Module system for Catala #88

denismerigoux · 2021-03-10T21:24:37Z

The problem

Right now, the only abstraction mechanism in Catala are the scopes, which correspond roughly to functions. However, as programs get bigger and bigger, we will want to group functions into modules in order to split and compartmentalize implementations.

Even though it is possible to split an implementation across multiple files currently, this can only be done via a primitive textual include mechanism that should ultimately be complemented by a proper module system.

Design of a simple module system

Syntax

This proposal is heavily inspired from the F* and Rust module system. Each file is its own module. The name of the module is introduced at the top of the file with the syntax (taking #84 into account):

> Module Foo

The name of the file must correspond to the ASCII snake case version of the module name.

Scopes and types declared in a module can be accessed without prefix in the same module. To use types and scopes declared and defined in other module Bar, insert at the top of the file:

> Using Bar

Then simply refer to Bar's scopes and types with Bar.<name of type/scope>. Important: it is impossible to add rules and definitions to Bar inside Foo via a scope Bar: ....

Prefixes can be omitted for certain modules with the mention

> Using Bar implicit

For scopes or types with names defined in two distinct implicit modules, name resolution selects the one corresponding to the last implicit when traversing the file top to bottom.

Local aliases can be defined for modules with

> Using Bar as B

External module lookup.

When invoking the compiler with catala bar.catala_en, the compiler retrieves the list of the names external modules used in bar.catala_en and proceeds to find .catala_en files corresponding to those module names in the current directory. Additional lookup directories can be added with the -I option.

Compilation units

For the OCaml backend and future backends, each Catala module should be translated to a different target language file. Hence, the -o option should take an output directory instead of file and the generated files names should be the same as the source files, but with a different extension.

Literate programming

When invoking Catala to produce a literate programming output from a particular file, the output should only contain that single file and not the modules on which this file depends. To produce a literate programming output containing multiple files, one can uss the master file and dependencies list syntax like

catala/examples/us_tax_code/us_tax_code.catala_en

Lines 1 to 9 in 9282e5e

    
           @@Master file@@ 
        
           @@Include: preamble.catala_en@@ 
        
           @@Include: section_121.catala_en@@ 
        
           @@Include: section_132.catala_en@@ 
        
           @@Include: section_1015.catala_en@@

Implementation

The implementation of this module system is going to vastly affect the compiler code.
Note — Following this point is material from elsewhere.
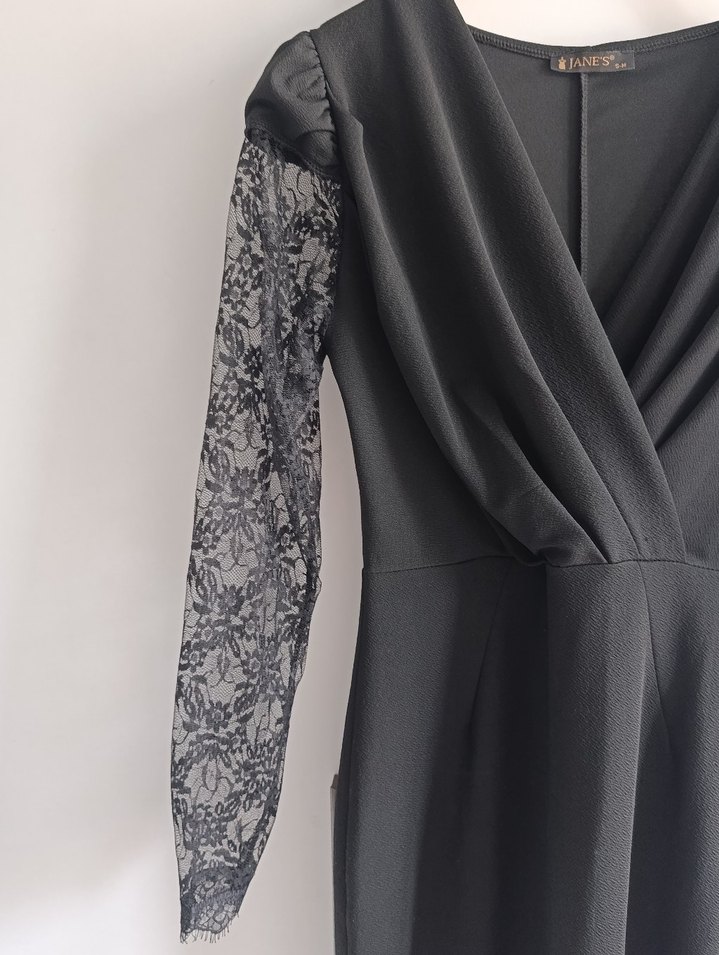 Dantel Kollu Siyah Uzun V Yaka Elbise - Görsel 2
First, programs in the different intermediate representations should be represented as a list of modules (each of them containing types and scopes). The list should be ordered according to the topological order of the dependency graph between modules, which will have to be constructed. Cyclic dependencies between modules are forbidden. The passage to a collections of modules to an ordered list can be implemented in the surface -> desugared translation.

When parsing expressions like <expression>.x.y that are transformed into Dotted

catala/src/catala/surface/ast.mli

Lines 151 to 152 in 9282e5e

    
           | Dotted of expression Pos.marked * constructor Pos.marked option * ident Pos.marked 
        
               (** Dotted is for both struct field projection and sub-scope variables *)

the name resolution of x and y should be resolved in that order:

first, lookup if the string is a module name, in which case we expect a following Dotted qualifier that can be a scope or a type belonging to that module
second, lookup if the string is a struct name, in which case we expect a following Dotted qualifier containing a field name belonging to that struct
thrid, lookup if the string is a struct field or a subscope.

Before starting this implementation, fixing #47 seems to be a good pre-requisite as we don't want to bother with ordering the types and scopes declaration correctly as long as they are cycle-free.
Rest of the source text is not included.